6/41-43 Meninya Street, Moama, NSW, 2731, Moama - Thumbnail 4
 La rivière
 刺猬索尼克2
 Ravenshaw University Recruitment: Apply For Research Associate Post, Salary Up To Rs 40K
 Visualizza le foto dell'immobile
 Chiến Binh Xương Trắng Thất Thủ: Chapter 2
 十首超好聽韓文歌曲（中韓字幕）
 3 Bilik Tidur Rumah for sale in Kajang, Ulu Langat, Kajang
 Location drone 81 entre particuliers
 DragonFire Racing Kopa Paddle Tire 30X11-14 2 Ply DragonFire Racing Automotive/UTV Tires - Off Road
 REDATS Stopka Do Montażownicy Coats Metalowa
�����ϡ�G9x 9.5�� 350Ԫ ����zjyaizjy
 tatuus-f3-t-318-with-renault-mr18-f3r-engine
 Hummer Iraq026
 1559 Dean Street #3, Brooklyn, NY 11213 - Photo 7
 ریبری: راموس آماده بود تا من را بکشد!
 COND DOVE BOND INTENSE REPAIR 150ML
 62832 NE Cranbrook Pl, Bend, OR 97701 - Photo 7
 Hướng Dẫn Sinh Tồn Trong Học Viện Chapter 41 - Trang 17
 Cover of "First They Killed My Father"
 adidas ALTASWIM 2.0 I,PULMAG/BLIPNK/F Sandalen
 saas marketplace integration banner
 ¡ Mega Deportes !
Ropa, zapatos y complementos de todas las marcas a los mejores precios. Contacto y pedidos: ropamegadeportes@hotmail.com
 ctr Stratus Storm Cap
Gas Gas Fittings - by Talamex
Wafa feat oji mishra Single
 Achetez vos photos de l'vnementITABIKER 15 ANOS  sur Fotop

______

-- Work instruction --
Go through the data above and copy each line that holds the word "Street".

-- Answer space --
6/41-43 Meninya Street, Moama, NSW, 2731, Moama - Thumbnail 4
 1559 Dean Street #3, Brooklyn, NY 11213 - Photo 7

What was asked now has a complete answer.